San Francisco City Hall - History

History

The current City Hall building is a replacement for an original building which was completed in 1899 after 27 years of planning and construction. The original city hall was actually a much larger building which also contained a smaller extension which contained the city's Hall of Records.

Reconstruction plans following the 1906 Earthquake wanted the buildings design and plans to work with noted city planner and architect Daniel Burnham's plan to rebuild the city, and in particular, the Civic Center complex in a neo-classical design as part of the city beautiful movement, as well as a desire to rebuild the city in time for the 1915 Panama-Pacific International Exposition. After Arthur Brown Junior's design was selected, construction started in 1913 and was completed by 1915, in time for the Exposition.

The main rotunda had also served as the location of many prominent state funerals. General Fredrick Funston, hero of the Spanish-American War, Philippine-American War, and the 1906 Earthquake had his there in 1917. President Warren Harding's body lay in state under the rotunda following his death in San Francisco in 1923.

Joe DiMaggio and Marilyn Monroe were married at City Hall in 1954. Mayor George Moscone and Supervisor Harvey Milk were assassinated there in 1978, by former Supervisor Dan White.

The Loma Prieta earthquake of 1989 damaged the structure, and twisted the dome four inches (102 mm) on its base. Afterward, work was completed, under the leadership of the San Francisco Bureau of Architecture in collaboration with Carey & Co. preservation architects, and Forell/Elsesser Engineers, to render City Hall earthquake resistant through a base isolation system. In an earthquake, the mass of the dome threatens to act as a pendulum, rocking the building's structure and tearing it apart. But the base isolation system of hundreds of rubber and stainless-steel insulators inserted into City Hall's underpinnings should have the effect of disrupting seismic waves before they can affect the structure. However damage to the structure could still occur as no building is completely earthquake-proof. The base isolation system would likely prevent total collapse of the building. City Hall reopened after its seismic upgrade in January 1999, and was the world's largest base-isolated structure at that time.

The city hall has attempted to recruit peregrine falcons to nest in aeries outside the dome. Pigeon droppings have to be periodically cleaned from the pair of glass-covered light wells that were covered with concrete at the height of modernism. In a curious coincidence, the new city hall in nearby San Jose has already drawn at least one pair of falcons, discovered by Mayor Ron Gonzales himself as he saw pigeon feathers descend past a window during a meeting.
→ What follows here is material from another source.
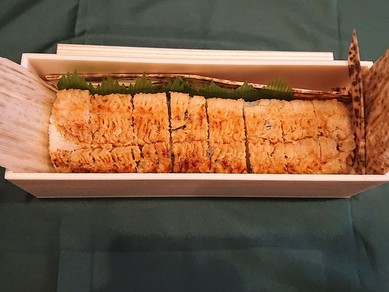 鱧寿司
In May 1960, the main Rotunda was a site of a student protest against the House Un-American Activities Committee and a countering police action whereby students from UC Berkeley, Stanford, and other local colleges were fire hosed down the steps beneath the rotunda. This event was memorialized by students during the Free Speech Movement at UC Berkeley four years later.

The original grand plaza has undergone several extensive renovations, with radical changes in its appearance and utility. Prior to the 1960s there were extensive brick plazas, few trees, and a few large, simple, raised, and circular ponds with central fountains, all in a style that discouraged loitering. The plaza was then extensively excavated for underground parking. At this time a central rectangular pond, with an extensive array of water vents (strangely, all in several strict rows and all pointing east, with identical arcs of water, and completely without sculptural embellishment), was added, with extensive groves of trees (again, in 60s modernist style, planted with absolute military precision on rectangular grids). In the 1990s, with the rise of the problem of homelessness, the plaza was once again remodeled to make it somewhat less habitable – although the most significant change, the replacement of the pond and pumps with a lawn, could be reasonably justified on the basis of energy and water conservation.